Introduction
============

``Parse2Plone`` is an lxml/soup parser (in the form of a Buildout recipe that
creates a script for you) to easily get content from static HTML files into Plone.

Warning
-------

This is a **Buildout recipe**! By itself it does nothing. If you do not know what
Buildout is, please see: http://www.buildout.org/.

Getting started
---------------

Because it always drives me nuts when you have to dig for a recipe's options,
here they are::

    [import]
    recipe = parse2plone
    #path = Plone
    #html_file_ext = html
    #image_file_ext = gif jpg jpeg png
    #target_tags = a div h1 h2 p
    #illegal_chars = _

Everything but the ``recipe`` parameter is commented out; the parameters
listed are configured with default values.
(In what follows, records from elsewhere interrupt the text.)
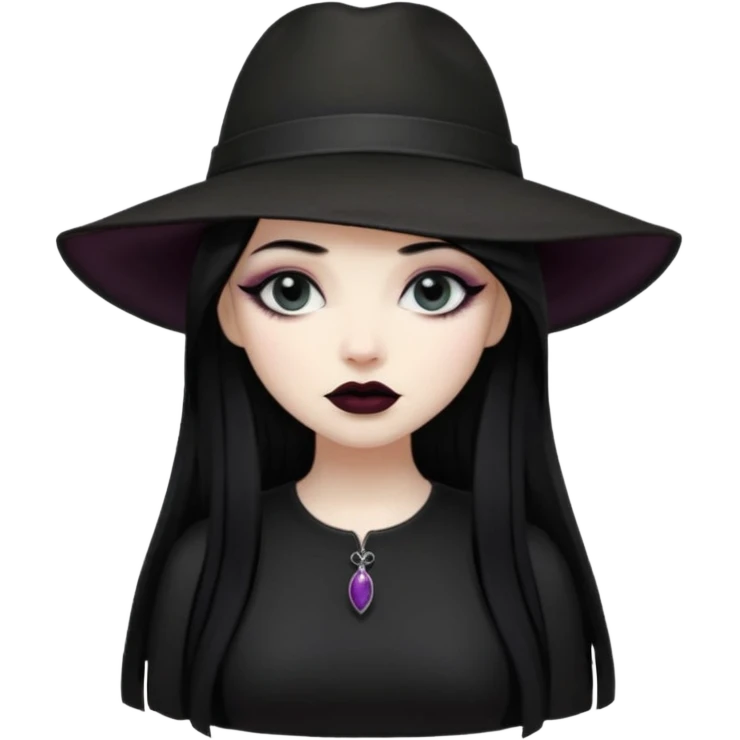 Female Goth with Wide-Brim Hat
 Long straight black hair, white skin, black dress, wide hat casting shadow over eyes. emoji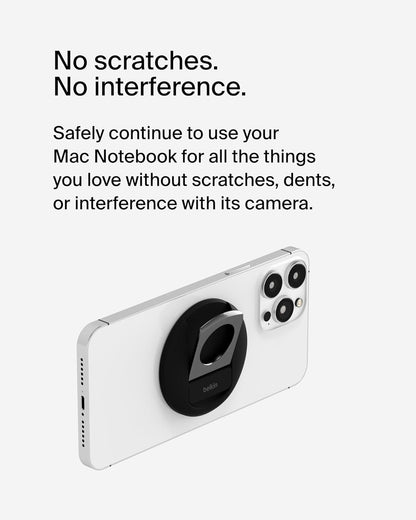 Belkin MagSafe Camera Mount for MacBook - Magnetic iPhone Continuity Camera Mount, Turn iPhone to Webcam, Compatible With MacBook Pro, Air, iPhone 15, 14, 13, 12 Series With Ring Grip - Black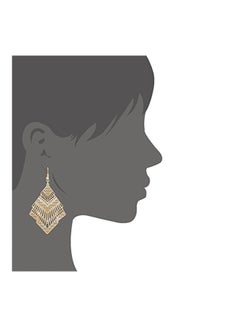 Brass Gold Plated Boho Rhombus Shape Tiered Dangle Earrings - v1553870104/N22638728A_2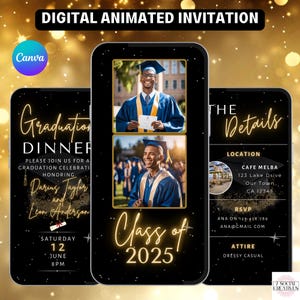 Double Graduation Invitation. Digital Class of 2025 Graduate Dinner, Lunch or Party. High School or College Grad eVite. DIY Template.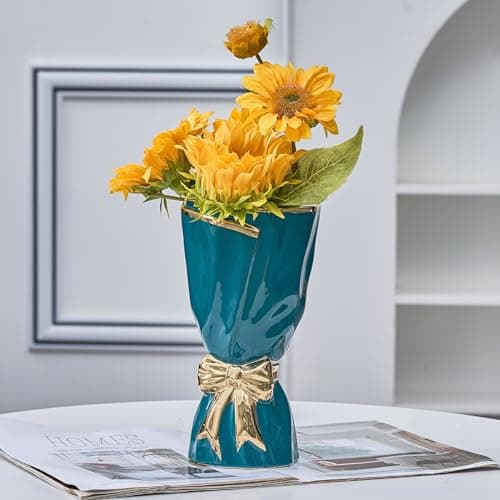 WLGRANJIA Bow Vase for Home Decor, Gold Vase for Boho Style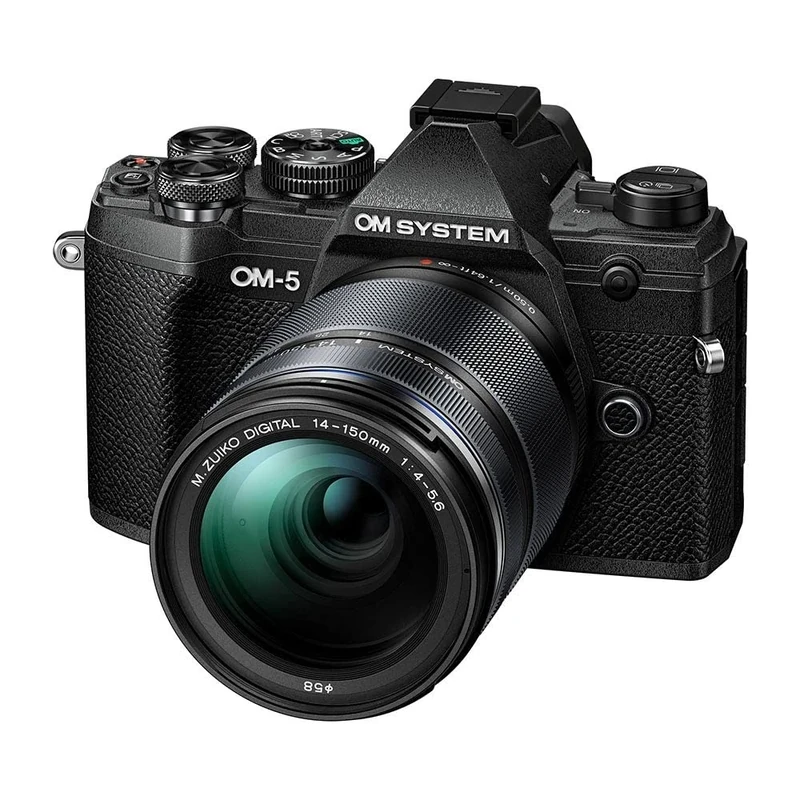 OM SYSTEM OM-5 Micro Four Thirds System Camera incl. lens M.Zuiko Digital 14-150mm F4-5.6 II, 20 MP Live MOS Sensor, Improved 5-Axis Image Stabilisation, IP53, Handheld High Res Shot, Black/Black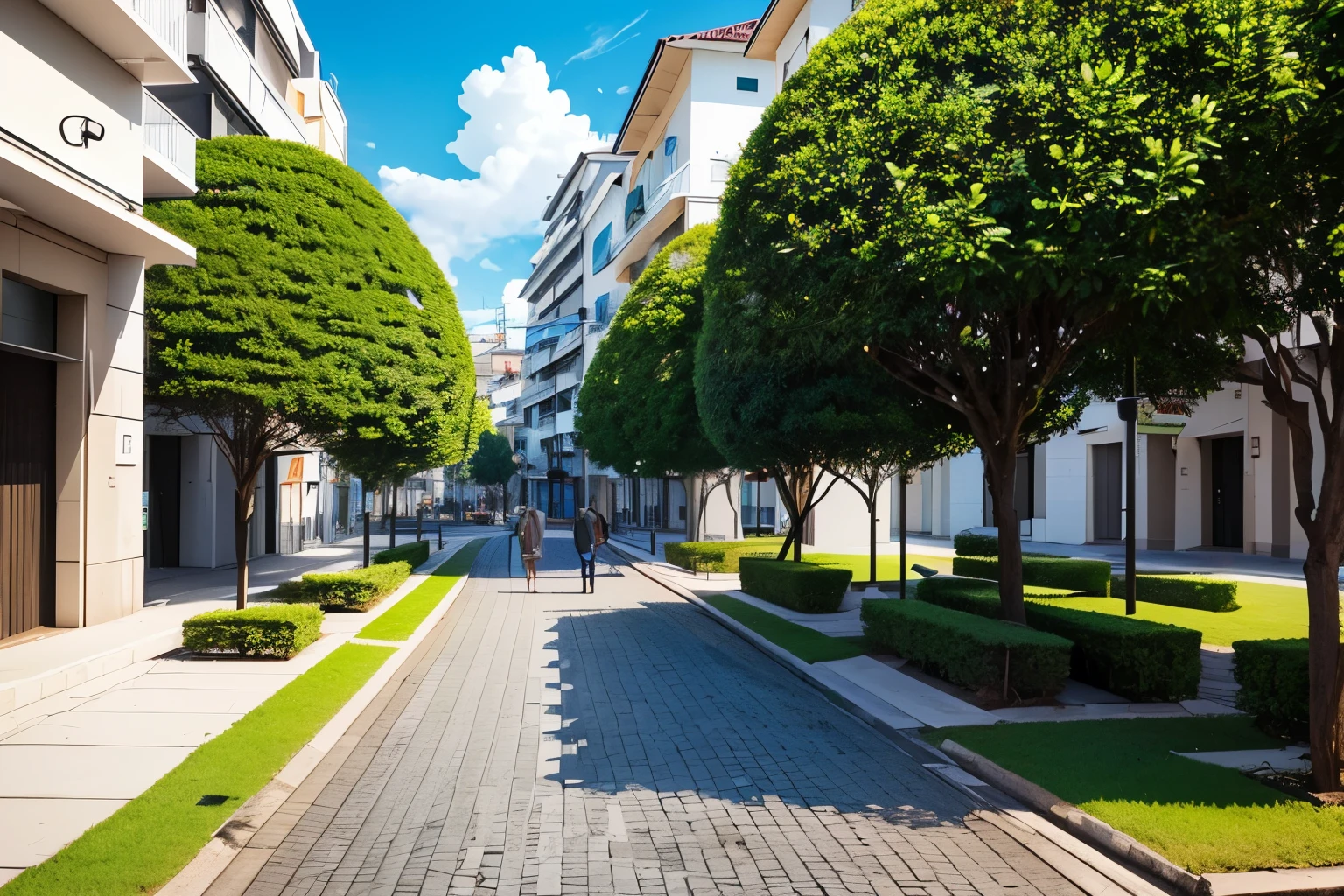 square, ruas no entorno, casas no entorno ((people walking on the sidewalk)), arvores, meio ambiente, verde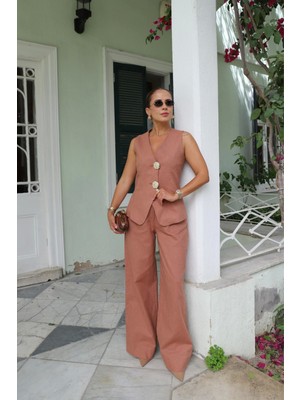 Purple By Banu Somon Keten Gold Düğmeli Yelek Pantolon Takım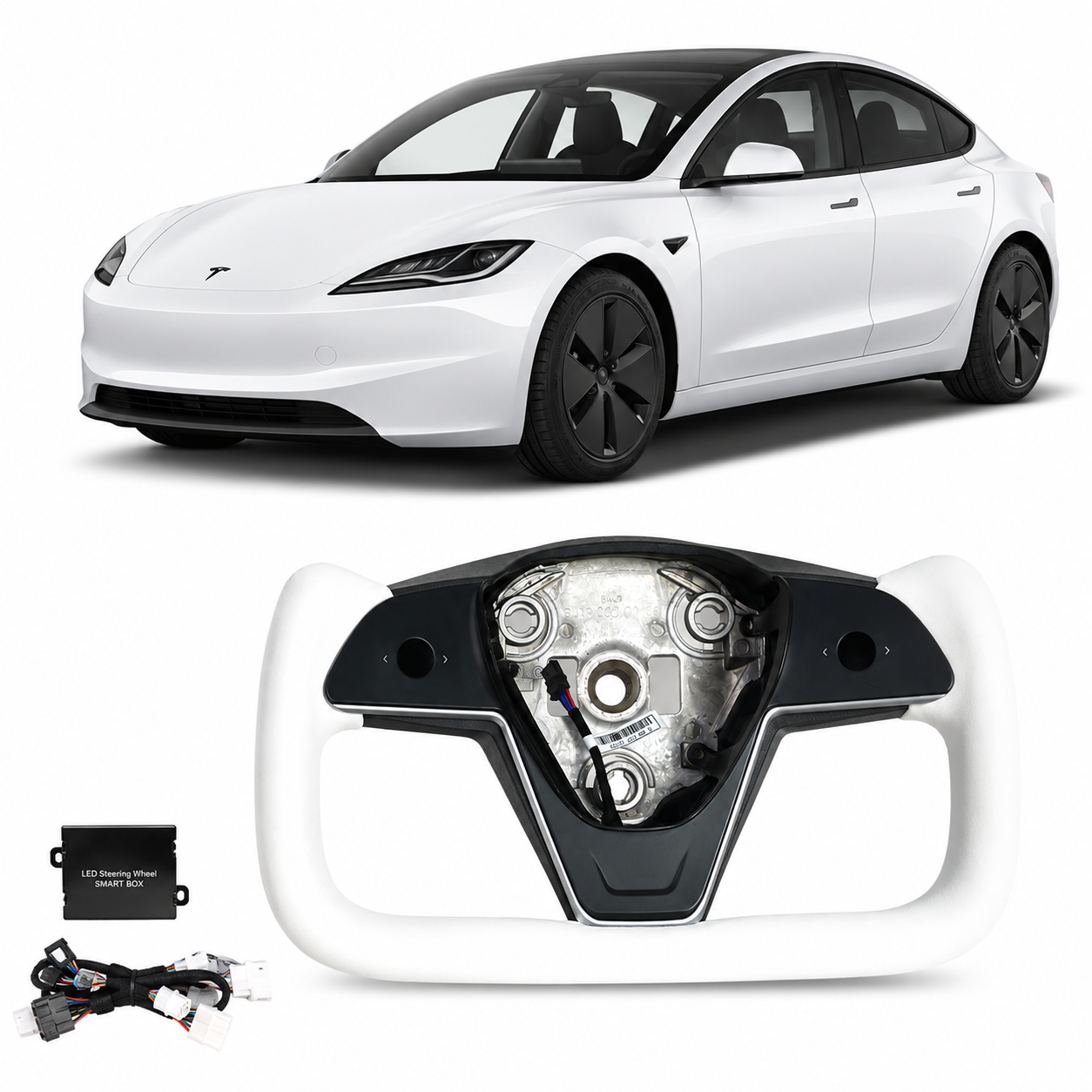 Heated White Leather Yoke Steering Wheel for Tesla Model 3 / Model Y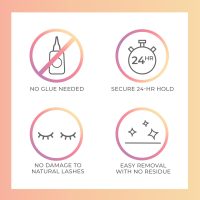 KISS imPRESS Falsies Press On Self Adhesive Eyelashes, 12mm-14mm Natural Volume Press On Lashes, Black, No Glue Needed, Invisible Band, 20 Lash Clusters & Non-Stick Applicator - Natural - Image 6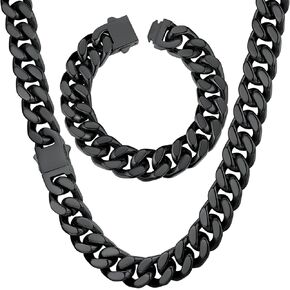 ChainsHouse 14mm 28" Cuban Chain Necklace Men Bracelet 19cm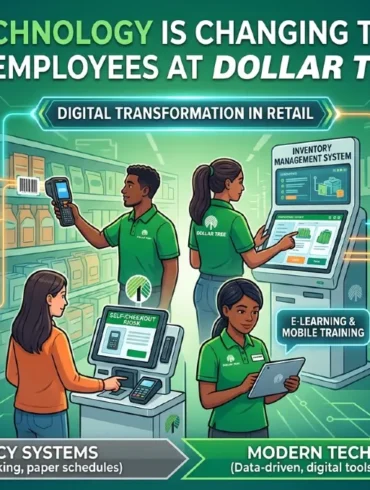 How Technology is Changing the Lives of Employees at Dollar Tree," featuring diverse staff using digital tools to enhance efficiency, workflow, and training. Keywords like "Improved Efficiency," "Better Workflow," and "Enhanced Training" highlight benefits like faster processing and online learning. The tone is optimistic, showcasing a modern, tech-driven retail environment.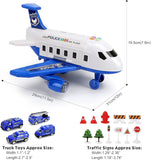 Airplane Toys for 3 Year Old Boys with Light and Sound, Educational Police Car Toy Plane, 5 in 1 Friction Power Toys Christmas Birthday Gifts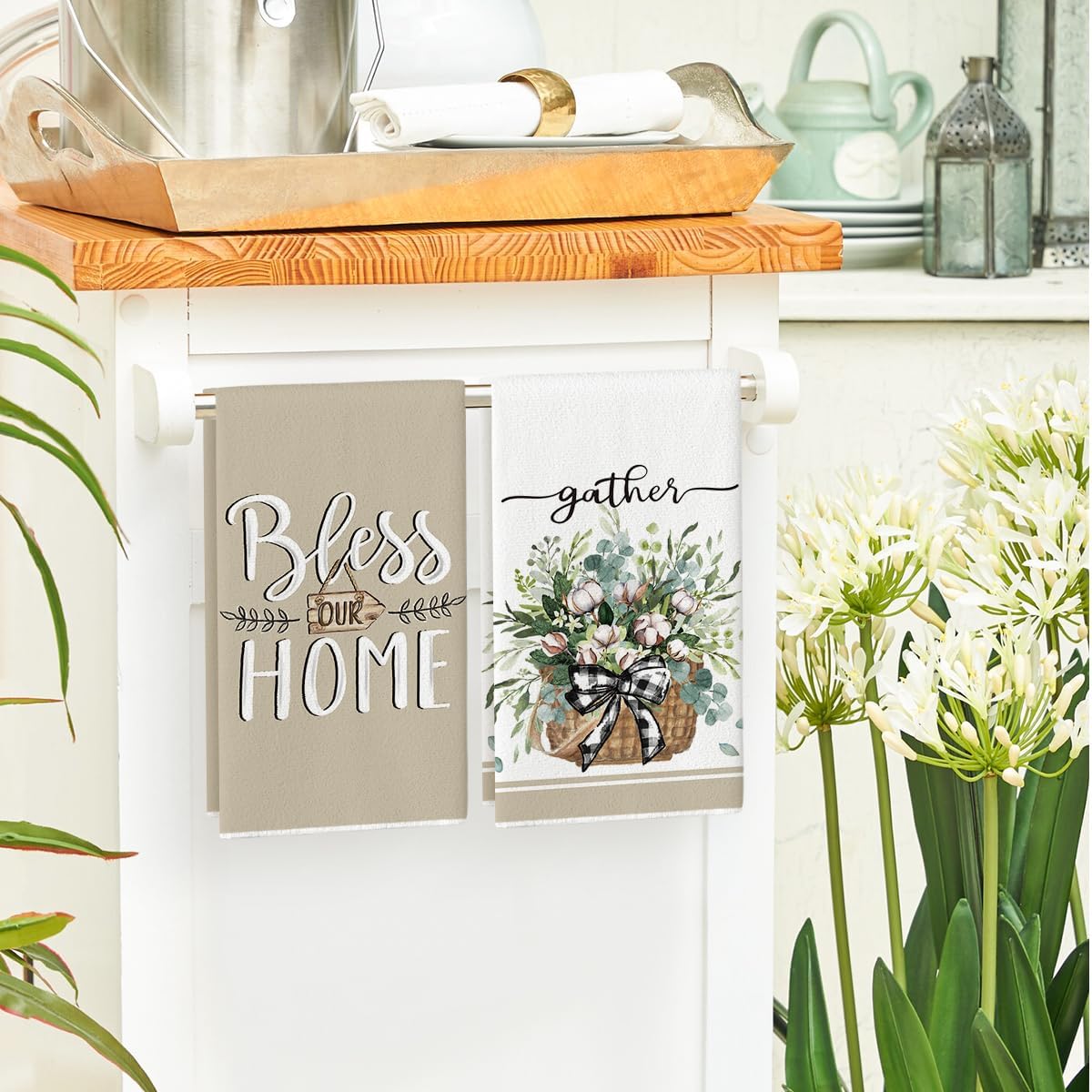 Artoid Mode Eucalyptus Truck Fresh Dish Towels for Kitchen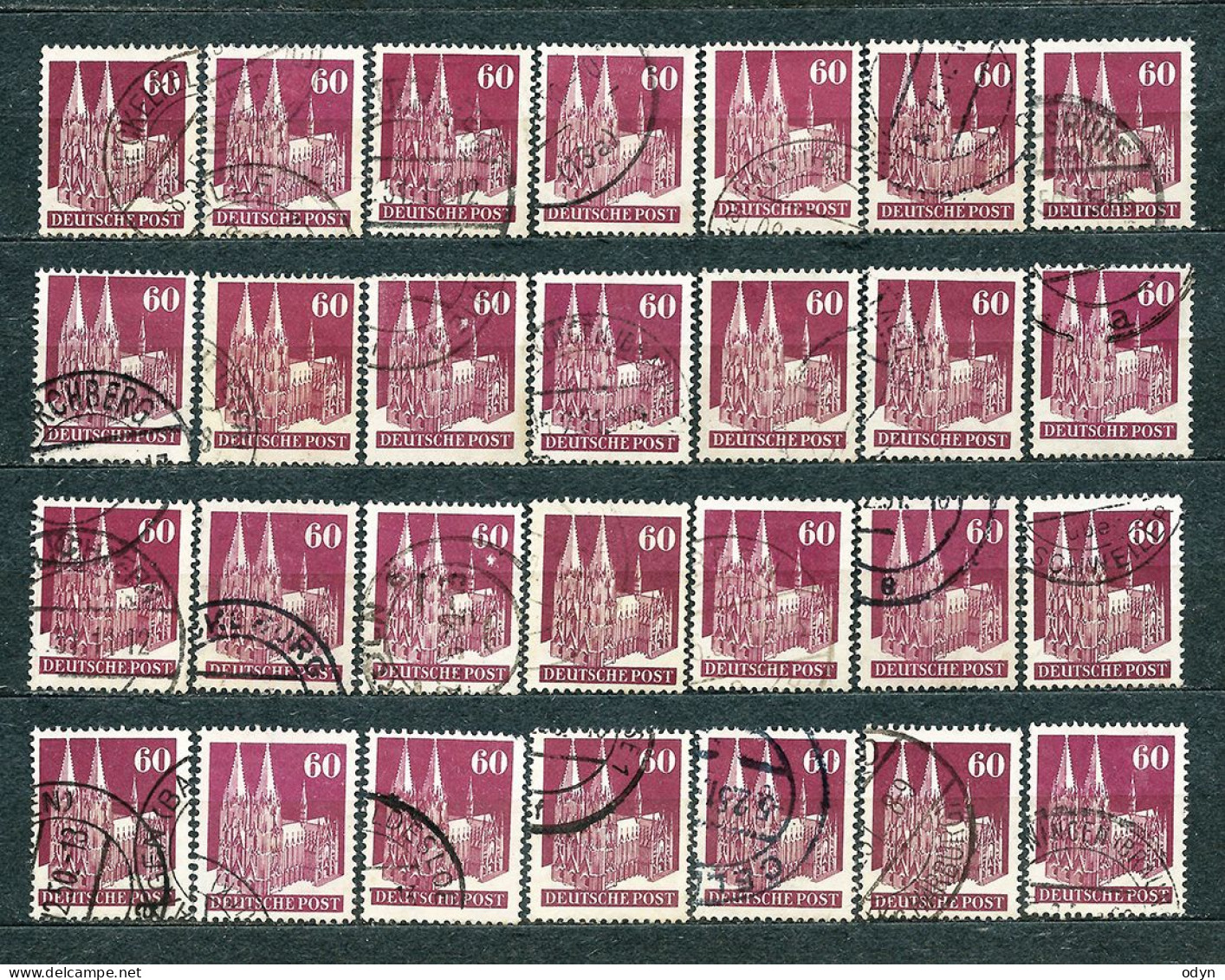 Germany, Am/Brit Zone 1948, lot of 282 stamps from set MiNr 73 eg - 97 eg - used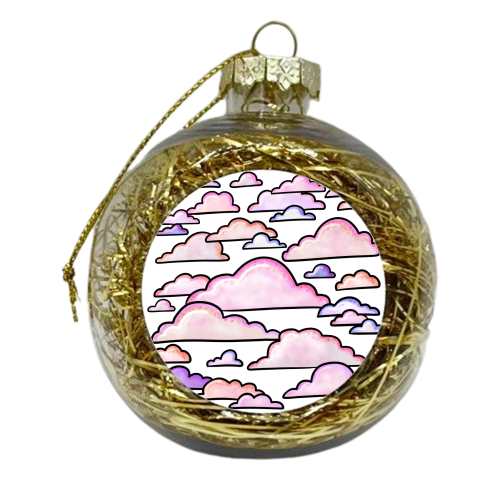Pink clouds - xmas bauble by PixieDrew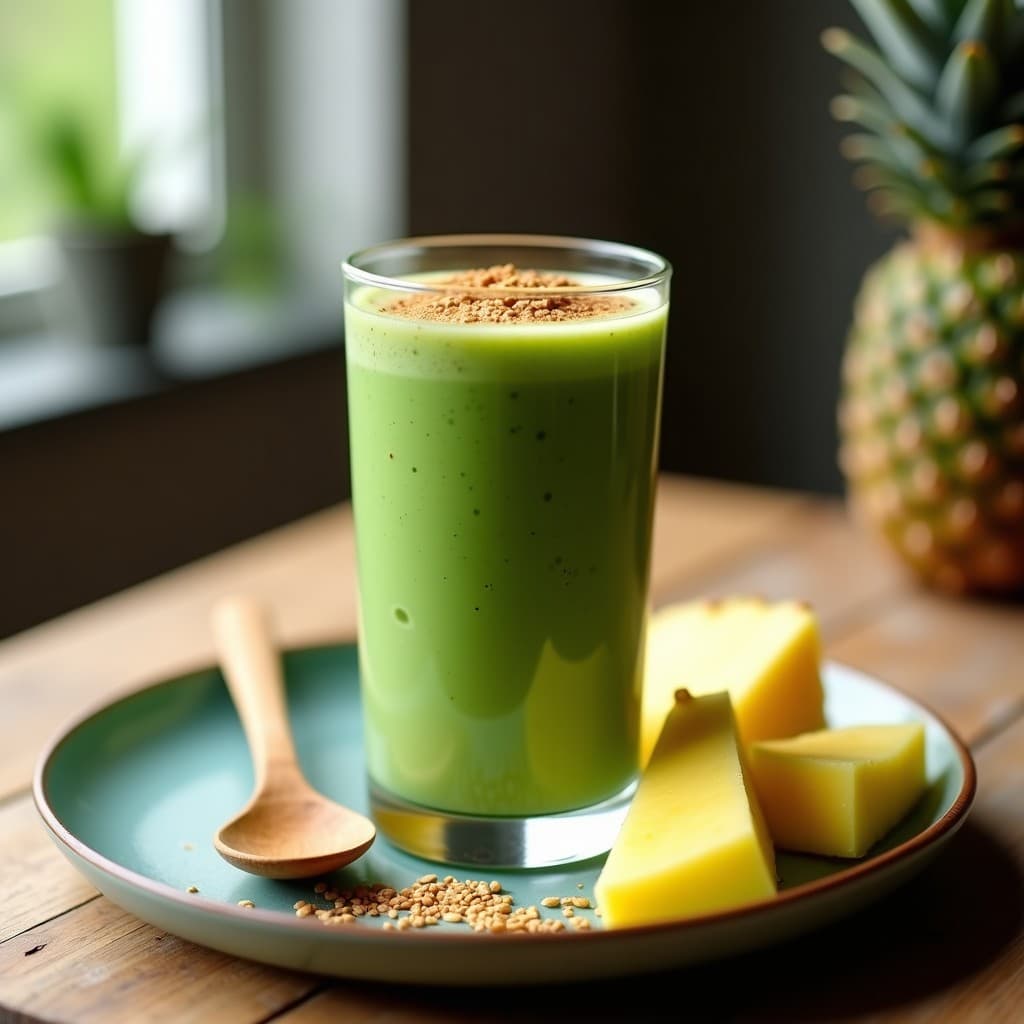 Smoothie de Espirulina y Piña con Leche de Altramuz: Bebida Energética Vegana y Sin Lactosa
Uncomment/edit these if you 
would like to change the default behavior, they are (hopefully) self-explanatory.
Now you can just cut and paste to get started, or keep reading if you would like
to know more.

Installation
------------

You can install ``Parse2Plone`` by editing your *buildout.cfg* file like
so:

- First, add an ``import`` section::

    [import]
    recipe = parse2plone

- Then, add the ``import`` section to the list of parts::

    [buildout]
    ...
    parts =
        ...
        import

- Now run ``bin/buildout`` as usual.

Execution
---------

You can run ``Parse2Plone`` like so::

    $ bin/plone run bin/import /path/to/files

Demonstration
-------------

If you have a site in /var/www/html that contains the following::

    /var/www/html/index.html
    /var/www/html/about/index.html

You should run::

    $ bin/plone run bin/import /var/www/html

And the following will be created:

    - http://localhost:8080/Plone/index.html
    - http://localhost:8080/Plone/about/index.html

Explanation
-----------

Why did you create ``Parse2Plone`` when the following packages (and probably many
more) already exist:

    - http://pypi.python.org/pypi/collective.transmogrifier
        - http://pypi.python.org/pypi/transmogrify.filesystem
        - http://pypi.python.org/pypi/transmogrify.htmlcontentextractor

Here are a few reasons:

- Because ``Parse2Plone`` is aimed at lowering the bar for folks who don't already
  know (or want to know) what a "transmogrifier blueprint" is but can update
  their *buildout.cfg* file, run ``Buildout``, and then run a single import command
  to import static content from the file system all without having to think very much.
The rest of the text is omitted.